A couple of weeks ago I attended my third, and it turns out, my final Flash On The Beach (FOTB) conference. Now I have come back to reality and caught up on the work I should have been doing, rather than eating Falafel in Brighton , it’s time to summarise my highlights.

Day One

Keynote

The usual corporate stuff from Adobe, but interesting points were

  1. Lee Brimelow talking about the new (at the time un-named) Starling Framework. A simple framework for using the Stage3D (prev Molehill) to render 2D animation directly to the GPU. Ideal for game development and super fast graphics rendering. You’ll need the Flash Player 11 Beta to play with this from Adobe Labs.
  2. Mark Anders demonstrating the Adobe Edge Preview 2, the new HTML5, timeline based, motion graphics designer.
    I know you are going to say that Edge sucks, and the code it creates is terrible.. that may still be the case (we’ll see), but it’s new timeline animation tools and functionality looked genuinely easy to use, and super productive. I just wish they put as much thought into the Flash Professional timeline tools… maybe something to look out for in Flash CS6??

Greg Rewis – From Zero to App in 60 Seconds

This was a pretty intreresting talk covering how you handle your HTML5/CSS3/JS web app development in Dreamweaver.. yes Dreamweaver (despite Greg’s objections ;) .
This post over at Ubelly.com is pretty good summary: http://ubelly.com/2011/09/offline-web-apps-appcaching-and-html5/

Stray – Robotlegs 2 and your brain: a great toolchain

Well… unfortunately this was a talk that really should have been on the bigger stage, as it was over-subscribed (a common occurrence this year) and so I didn’t get to see it. However, Stray’s notes are here: http://www.xxcoder.net/my-fotb-presentation-on-robotlegs-2-and-your-brain

Eugene Zatepyakin – Natural Features tracking and image detection / recognition

Once agian another talk that I couldn’t get into as the Pavilion was packed out, however Eugene, does some great work, and you can find out more over here.

The silver lining here though, was that I did get to see Jessica Hische’s talk instead…
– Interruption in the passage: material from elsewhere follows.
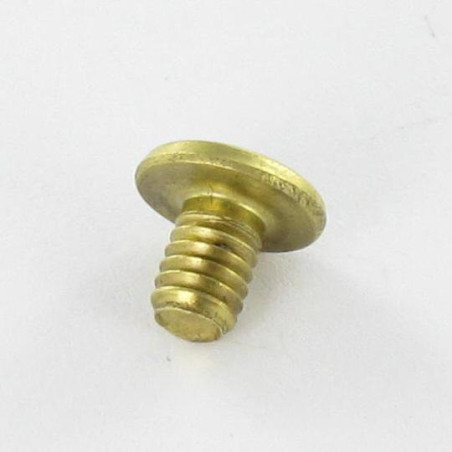 1 x OBTURADOR Latón cabeza plana 4.3X6 TORX T9 EP1.5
Jessica Hische – Lettering is not Fonts

If you have never seen Jessica’s graphic design & lettering / typography work you are in for a treat… beautiful, funny, and full of fresh ideas… much like her talk! Brilliant!

Day Two

Tomek Augustyn – Riding the HiSlope

I hadn’t heard of Tomek or his HiSlope framework before, but this for me was the surprise highlight of the conference. He was also nice enough to spend a bit of time after his talk to answer a few of my questions.

Tomek’s HiSlope framework is a great video processing framework, that makes it super easy & intuitive to add filters to video. You can import or create you own filters, tweak the parameters in edit mode, chain the filters together and the export the fx chain for use in live projects.

Once the fx chain is in your project you can also interrogate the variables from your outer project so can hook it into other functions.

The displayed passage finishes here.